» **Work to be completed**
Of the entries below, copy only those lines that contain the word "Corolla".

» **Material shown**
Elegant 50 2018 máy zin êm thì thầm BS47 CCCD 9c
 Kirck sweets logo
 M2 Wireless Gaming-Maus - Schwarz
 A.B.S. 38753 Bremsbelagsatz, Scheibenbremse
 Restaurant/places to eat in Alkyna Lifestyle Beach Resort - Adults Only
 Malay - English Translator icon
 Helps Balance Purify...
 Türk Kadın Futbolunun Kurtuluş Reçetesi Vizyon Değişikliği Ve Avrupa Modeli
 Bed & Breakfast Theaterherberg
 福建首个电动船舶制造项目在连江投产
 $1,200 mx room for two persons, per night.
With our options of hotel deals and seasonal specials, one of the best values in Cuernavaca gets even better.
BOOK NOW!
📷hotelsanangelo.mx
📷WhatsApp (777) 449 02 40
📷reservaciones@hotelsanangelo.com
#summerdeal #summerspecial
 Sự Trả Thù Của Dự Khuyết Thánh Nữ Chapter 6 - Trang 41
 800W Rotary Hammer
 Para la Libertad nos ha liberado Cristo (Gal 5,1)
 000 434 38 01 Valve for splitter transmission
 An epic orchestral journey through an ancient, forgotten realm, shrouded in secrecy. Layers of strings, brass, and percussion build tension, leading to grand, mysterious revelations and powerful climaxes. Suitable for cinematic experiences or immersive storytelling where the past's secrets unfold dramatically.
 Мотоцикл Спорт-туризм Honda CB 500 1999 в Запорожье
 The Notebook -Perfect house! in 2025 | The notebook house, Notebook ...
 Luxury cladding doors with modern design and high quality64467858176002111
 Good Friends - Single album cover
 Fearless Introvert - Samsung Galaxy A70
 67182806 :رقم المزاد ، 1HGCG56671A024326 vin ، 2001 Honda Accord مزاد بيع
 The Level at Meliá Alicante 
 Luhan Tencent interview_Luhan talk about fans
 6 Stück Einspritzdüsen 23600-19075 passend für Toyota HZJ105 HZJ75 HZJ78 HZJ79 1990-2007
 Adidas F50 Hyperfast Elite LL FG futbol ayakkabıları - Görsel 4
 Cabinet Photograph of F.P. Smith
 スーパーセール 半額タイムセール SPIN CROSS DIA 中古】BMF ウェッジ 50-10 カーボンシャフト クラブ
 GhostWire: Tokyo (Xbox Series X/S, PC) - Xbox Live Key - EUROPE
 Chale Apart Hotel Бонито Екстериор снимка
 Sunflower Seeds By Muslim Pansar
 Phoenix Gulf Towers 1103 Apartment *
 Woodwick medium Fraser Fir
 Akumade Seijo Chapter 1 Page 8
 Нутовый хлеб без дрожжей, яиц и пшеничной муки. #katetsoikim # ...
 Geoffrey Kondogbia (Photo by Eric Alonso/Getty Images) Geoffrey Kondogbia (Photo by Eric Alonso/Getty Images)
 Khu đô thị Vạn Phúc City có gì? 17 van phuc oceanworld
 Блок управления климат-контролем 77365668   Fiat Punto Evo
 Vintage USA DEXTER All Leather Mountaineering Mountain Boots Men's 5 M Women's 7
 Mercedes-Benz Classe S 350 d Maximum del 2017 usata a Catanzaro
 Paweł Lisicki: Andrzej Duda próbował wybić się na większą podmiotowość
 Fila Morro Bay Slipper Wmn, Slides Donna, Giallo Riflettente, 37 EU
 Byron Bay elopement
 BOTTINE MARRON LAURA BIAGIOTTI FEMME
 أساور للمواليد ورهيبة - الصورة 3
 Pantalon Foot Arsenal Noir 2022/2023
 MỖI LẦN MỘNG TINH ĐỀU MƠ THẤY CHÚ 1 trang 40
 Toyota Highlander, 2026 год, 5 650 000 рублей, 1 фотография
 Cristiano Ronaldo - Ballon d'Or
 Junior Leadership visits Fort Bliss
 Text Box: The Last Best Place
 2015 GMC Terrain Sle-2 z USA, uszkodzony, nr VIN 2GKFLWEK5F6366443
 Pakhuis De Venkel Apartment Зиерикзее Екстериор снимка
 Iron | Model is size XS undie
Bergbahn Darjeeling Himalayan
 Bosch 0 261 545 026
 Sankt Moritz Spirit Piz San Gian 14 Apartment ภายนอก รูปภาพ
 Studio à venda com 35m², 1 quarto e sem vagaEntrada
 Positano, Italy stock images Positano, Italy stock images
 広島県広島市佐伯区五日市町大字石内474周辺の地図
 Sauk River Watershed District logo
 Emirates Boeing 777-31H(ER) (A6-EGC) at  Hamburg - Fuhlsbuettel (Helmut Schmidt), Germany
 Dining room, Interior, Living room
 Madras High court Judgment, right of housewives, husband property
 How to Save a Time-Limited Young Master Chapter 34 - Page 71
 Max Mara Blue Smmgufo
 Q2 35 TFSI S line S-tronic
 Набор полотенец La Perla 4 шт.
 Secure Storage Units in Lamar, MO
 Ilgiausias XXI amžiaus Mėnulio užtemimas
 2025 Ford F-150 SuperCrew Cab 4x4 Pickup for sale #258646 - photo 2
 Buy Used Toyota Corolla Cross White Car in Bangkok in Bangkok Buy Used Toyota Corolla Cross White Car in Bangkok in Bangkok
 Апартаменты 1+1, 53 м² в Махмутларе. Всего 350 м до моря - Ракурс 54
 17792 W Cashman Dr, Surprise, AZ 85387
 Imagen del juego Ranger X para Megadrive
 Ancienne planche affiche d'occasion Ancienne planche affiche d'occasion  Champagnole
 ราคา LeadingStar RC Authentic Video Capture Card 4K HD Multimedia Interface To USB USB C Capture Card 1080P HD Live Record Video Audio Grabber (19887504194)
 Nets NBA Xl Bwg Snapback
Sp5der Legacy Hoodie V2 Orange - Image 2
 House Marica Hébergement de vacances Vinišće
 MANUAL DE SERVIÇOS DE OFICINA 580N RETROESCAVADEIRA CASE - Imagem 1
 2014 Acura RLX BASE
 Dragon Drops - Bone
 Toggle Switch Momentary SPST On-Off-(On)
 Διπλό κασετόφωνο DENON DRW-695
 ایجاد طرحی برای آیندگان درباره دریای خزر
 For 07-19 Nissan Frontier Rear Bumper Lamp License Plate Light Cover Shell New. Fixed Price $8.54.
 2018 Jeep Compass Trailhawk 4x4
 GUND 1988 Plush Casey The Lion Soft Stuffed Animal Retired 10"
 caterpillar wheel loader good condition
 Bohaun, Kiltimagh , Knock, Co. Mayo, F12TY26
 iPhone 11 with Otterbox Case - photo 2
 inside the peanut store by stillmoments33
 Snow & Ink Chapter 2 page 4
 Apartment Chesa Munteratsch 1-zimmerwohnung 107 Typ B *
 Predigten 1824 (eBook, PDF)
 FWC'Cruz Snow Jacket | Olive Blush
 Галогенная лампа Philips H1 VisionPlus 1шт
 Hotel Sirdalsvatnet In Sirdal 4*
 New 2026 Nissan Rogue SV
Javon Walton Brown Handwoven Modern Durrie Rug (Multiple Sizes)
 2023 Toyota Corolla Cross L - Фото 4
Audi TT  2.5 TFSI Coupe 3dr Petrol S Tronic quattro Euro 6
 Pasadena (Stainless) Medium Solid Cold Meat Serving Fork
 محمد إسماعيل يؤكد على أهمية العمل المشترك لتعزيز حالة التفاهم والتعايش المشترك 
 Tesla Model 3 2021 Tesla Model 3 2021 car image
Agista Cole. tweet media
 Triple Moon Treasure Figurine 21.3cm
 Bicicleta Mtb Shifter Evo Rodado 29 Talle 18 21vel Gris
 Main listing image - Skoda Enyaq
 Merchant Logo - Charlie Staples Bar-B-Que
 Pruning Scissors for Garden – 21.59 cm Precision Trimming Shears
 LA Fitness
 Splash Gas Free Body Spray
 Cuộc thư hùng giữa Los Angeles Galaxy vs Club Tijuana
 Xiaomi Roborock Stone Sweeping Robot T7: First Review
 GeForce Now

» **Task response**
 Buy Used Toyota Corolla Cross White Car in Bangkok in Bangkok Buy Used Toyota Corolla Cross White Car in Bangkok in Bangkok
 2023 Toyota Corolla Cross L - Фото 4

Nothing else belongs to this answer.